3. Bring a tape measure and a floor plan of your house.
We ignored this one. Granted, we were not shopping for antique French furniture. As the college kids we are, the closest we got to home decor were beautiful scented soy candles, but maybe some of you out there would find this useful.
4. Pick your route depending on what you're looking for.
This was a mistake we made, since we wanted to explore everything to properly research the topic. Although we loved browsing the small businesses that made crochet bags, face masks, and jewelry, by the time we went all the way around the stadium itself, we were exhausted and sunburnt. When we finally reached the vast clothes section between the stadium and the road, we barely had enough energy to look through a stack of denim overalls before our feet hurt and we were ready to head home. We may have to go back another day to properly explore all of the clothing options, because they were truly abundant.
5. Girls, wear dresses.
This is not something we read, but something I (Claudia) learned for myself when trying to purchase a perfect pair of vintage Levis at the Trading Post. Many vendors do not have changing rooms set up, and it is much easier to slip an item under a dress than to somehow put your jacket around yourself to cover up. Chances are you're going to try on at least one pair of shorts or jeans, and this step makes it much easier.
6. Unless you're looking for a very specific piece of furniture or just enjoy having the first look, what time you get to the flea market does not matter that much.

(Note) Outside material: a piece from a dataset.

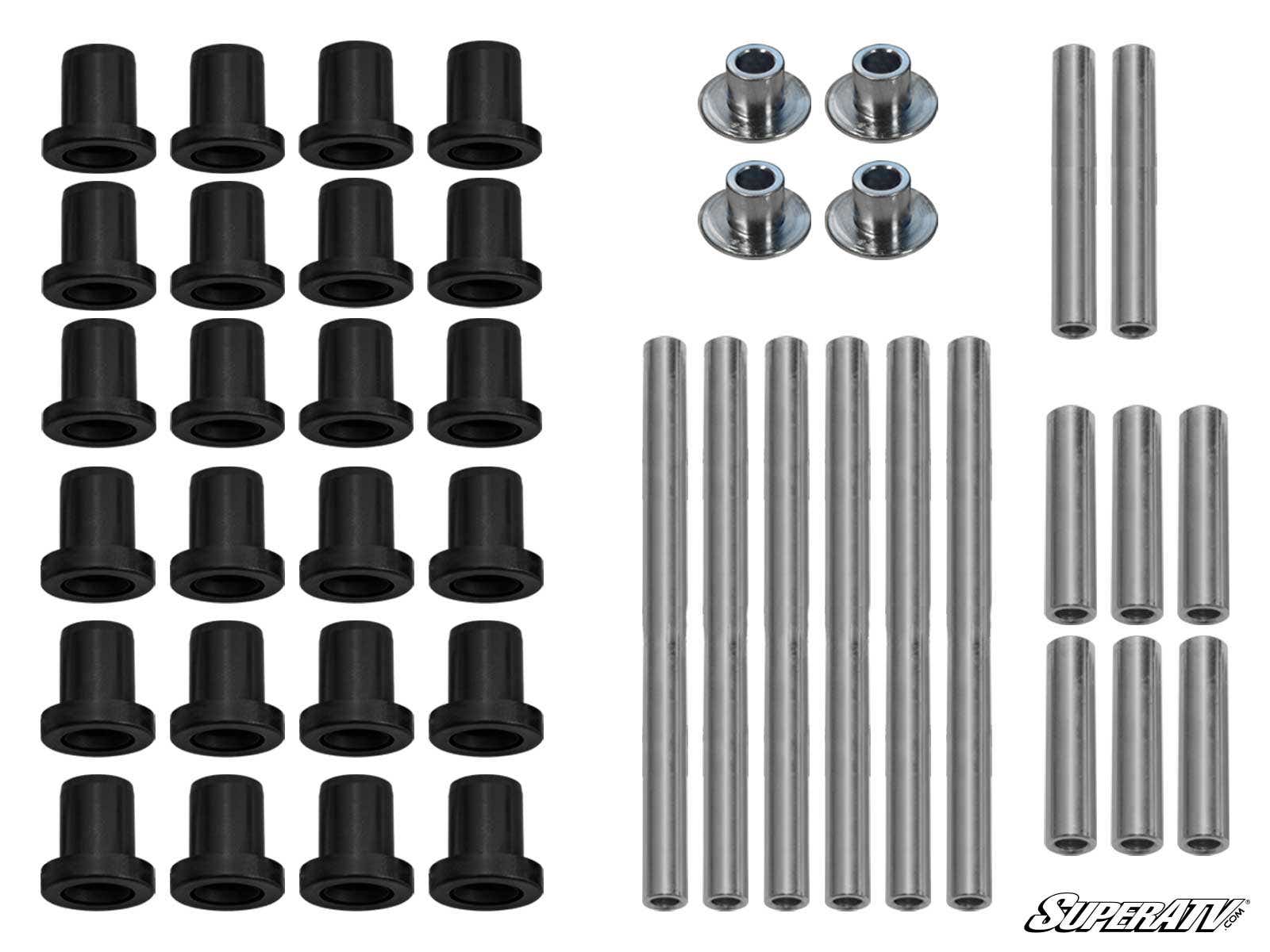 Polaris RZR 800 A-Arm Bushing Kit by SuperATV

There is so much choice that you are probably going to find at least one item at any point in the day. That being said, it would have been easier to browse in the crisp morning air and soft light than in the harsh sun of 2 pm.
Depending on what you are looking for, one of these flea markets may be better than the other. Due to its high stock, the choices at the Rose Bowl are seemingly endless. With a more curated assortment of current, on-trend essentials, the Melrose Trading Post is perfect for checking out a classic L.A. crowd. Both contain tons of original people, pieces, and businesses, and in all, both flea markets are incredible adventures that are worth trying at least once. Happy shopping!